* **Problem description**
Reproduce exactly the lines below from the one containing "Portfel damski granatowy" through the one containing "Bocil Di Belikan Baju Baru Langsung Pakai", including both, and nothing else.

[Source data]
⟨

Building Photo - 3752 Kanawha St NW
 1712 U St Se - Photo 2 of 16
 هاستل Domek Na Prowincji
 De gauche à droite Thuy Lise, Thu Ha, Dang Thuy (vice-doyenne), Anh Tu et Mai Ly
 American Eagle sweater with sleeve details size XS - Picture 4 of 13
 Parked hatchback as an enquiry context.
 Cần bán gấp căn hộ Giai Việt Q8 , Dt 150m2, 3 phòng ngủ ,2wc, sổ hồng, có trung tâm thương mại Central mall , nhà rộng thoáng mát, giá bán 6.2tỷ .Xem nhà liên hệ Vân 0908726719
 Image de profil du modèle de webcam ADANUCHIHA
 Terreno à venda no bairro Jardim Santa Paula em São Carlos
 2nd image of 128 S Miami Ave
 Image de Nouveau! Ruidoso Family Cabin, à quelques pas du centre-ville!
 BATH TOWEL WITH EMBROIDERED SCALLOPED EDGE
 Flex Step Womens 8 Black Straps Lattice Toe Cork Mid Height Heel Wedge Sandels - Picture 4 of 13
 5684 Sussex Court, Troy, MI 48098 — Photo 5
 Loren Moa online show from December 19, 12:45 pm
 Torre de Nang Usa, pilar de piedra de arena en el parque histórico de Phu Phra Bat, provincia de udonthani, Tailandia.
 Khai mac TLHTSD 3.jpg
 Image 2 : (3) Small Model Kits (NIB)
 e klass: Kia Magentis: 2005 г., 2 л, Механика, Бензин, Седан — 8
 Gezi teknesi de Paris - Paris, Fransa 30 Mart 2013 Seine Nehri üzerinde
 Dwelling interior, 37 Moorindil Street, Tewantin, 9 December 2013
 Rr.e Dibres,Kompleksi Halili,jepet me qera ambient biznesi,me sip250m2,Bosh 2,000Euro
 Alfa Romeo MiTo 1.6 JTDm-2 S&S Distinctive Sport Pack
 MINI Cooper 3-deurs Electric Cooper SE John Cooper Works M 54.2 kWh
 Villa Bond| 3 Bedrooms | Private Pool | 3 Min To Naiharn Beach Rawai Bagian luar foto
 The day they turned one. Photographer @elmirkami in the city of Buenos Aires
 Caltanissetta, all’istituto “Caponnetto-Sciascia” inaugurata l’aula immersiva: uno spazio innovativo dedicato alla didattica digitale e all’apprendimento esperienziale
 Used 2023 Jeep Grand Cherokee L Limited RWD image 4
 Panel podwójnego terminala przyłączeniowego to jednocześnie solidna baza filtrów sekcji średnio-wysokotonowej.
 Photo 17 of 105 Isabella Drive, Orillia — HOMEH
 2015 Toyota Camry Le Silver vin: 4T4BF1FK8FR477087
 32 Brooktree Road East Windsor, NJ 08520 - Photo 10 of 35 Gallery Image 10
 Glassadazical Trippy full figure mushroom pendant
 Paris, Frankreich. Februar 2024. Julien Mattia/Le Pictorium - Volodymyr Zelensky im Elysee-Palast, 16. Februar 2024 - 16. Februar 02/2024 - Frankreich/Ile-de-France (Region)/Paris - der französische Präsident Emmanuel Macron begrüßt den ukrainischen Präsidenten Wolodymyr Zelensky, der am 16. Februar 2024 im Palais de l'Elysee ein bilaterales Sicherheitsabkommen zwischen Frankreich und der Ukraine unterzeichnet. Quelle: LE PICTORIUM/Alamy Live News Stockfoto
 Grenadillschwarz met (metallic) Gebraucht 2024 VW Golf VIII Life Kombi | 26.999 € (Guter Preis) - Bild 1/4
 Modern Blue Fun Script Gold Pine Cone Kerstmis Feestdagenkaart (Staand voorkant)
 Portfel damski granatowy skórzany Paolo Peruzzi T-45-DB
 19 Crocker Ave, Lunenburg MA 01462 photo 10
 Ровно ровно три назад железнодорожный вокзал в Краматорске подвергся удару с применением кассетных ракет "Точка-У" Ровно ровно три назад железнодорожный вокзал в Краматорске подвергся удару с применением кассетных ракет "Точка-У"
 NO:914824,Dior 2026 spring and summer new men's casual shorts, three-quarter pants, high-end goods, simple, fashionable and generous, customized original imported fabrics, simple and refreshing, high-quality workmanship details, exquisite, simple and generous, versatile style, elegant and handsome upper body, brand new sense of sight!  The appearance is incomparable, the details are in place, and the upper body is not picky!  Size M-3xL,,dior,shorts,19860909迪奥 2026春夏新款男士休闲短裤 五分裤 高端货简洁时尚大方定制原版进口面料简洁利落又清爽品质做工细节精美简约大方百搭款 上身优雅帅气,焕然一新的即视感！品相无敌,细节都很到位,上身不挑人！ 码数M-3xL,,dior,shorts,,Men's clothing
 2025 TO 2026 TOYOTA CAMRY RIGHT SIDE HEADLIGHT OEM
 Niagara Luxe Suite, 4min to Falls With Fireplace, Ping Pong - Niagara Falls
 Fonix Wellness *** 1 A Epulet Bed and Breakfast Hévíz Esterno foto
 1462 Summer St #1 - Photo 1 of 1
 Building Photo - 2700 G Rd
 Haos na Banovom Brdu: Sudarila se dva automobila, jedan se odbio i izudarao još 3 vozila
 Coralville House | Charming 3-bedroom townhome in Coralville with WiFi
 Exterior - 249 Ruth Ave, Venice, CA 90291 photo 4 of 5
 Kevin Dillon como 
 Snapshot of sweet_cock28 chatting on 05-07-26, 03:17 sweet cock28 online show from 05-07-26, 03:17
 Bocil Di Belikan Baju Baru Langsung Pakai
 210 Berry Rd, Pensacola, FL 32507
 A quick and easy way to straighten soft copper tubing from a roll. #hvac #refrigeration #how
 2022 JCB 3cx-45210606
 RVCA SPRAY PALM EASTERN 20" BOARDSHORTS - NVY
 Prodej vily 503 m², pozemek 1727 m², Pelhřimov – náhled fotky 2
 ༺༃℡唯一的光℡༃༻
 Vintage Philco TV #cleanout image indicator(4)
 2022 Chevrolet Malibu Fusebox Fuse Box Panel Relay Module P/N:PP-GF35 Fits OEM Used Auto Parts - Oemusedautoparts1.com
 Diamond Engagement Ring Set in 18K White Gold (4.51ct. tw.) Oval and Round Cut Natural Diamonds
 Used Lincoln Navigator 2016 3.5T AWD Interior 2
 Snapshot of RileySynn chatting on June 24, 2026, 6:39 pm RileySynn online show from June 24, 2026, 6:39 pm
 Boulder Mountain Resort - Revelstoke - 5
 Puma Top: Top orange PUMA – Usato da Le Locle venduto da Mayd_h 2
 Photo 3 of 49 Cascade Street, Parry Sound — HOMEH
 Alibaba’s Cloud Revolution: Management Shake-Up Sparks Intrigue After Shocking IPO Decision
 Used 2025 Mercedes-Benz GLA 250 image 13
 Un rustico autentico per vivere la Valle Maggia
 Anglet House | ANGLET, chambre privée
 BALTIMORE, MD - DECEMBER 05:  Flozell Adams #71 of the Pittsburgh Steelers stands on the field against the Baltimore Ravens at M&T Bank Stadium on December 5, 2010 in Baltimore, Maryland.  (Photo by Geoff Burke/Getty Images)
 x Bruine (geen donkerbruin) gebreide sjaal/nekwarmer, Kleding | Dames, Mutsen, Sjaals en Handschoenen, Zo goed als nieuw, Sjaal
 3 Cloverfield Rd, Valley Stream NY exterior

⟩

* **Your solution**
 Portfel damski granatowy skórzany Paolo Peruzzi T-45-DB
 19 Crocker Ave, Lunenburg MA 01462 photo 10
 Ровно ровно три назад железнодорожный вокзал в Краматорске подвергся удару с применением кассетных ракет "Точка-У" Ровно ровно три назад железнодорожный вокзал в Краматорске подвергся удару с применением кассетных ракет "Точка-У"
 NO:914824,Dior 2026 spring and summer new men's casual shorts, three-quarter pants, high-end goods, simple, fashionable and generous, customized original imported fabrics, simple and refreshing, high-quality workmanship details, exquisite, simple and generous, versatile style, elegant and handsome upper body, brand new sense of sight!  The appearance is incomparable, the details are in place, and the upper body is not picky!  Size M-3xL,,dior,shorts,19860909迪奥 2026春夏新款男士休闲短裤 五分裤 高端货简洁时尚大方定制原版进口面料简洁利落又清爽品质做工细节精美简约大方百搭款 上身优雅帅气,焕然一新的即视感！品相无敌,细节都很到位,上身不挑人！ 码数M-3xL,,dior,shorts,,Men's clothing
 2025 TO 2026 TOYOTA CAMRY RIGHT SIDE HEADLIGHT OEM
 Niagara Luxe Suite, 4min to Falls With Fireplace, Ping Pong - Niagara Falls
 Fonix Wellness *** 1 A Epulet Bed and Breakfast Hévíz Esterno foto
 1462 Summer St #1 - Photo 1 of 1
 Building Photo - 2700 G Rd
 Haos na Banovom Brdu: Sudarila se dva automobila, jedan se odbio i izudarao još 3 vozila
 Coralville House | Charming 3-bedroom townhome in Coralville with WiFi
 Exterior - 249 Ruth Ave, Venice, CA 90291 photo 4 of 5
 Kevin Dillon como 
 Snapshot of sweet_cock28 chatting on 05-07-26, 03:17 sweet cock28 online show from 05-07-26, 03:17
 Bocil Di Belikan Baju Baru Langsung Pakai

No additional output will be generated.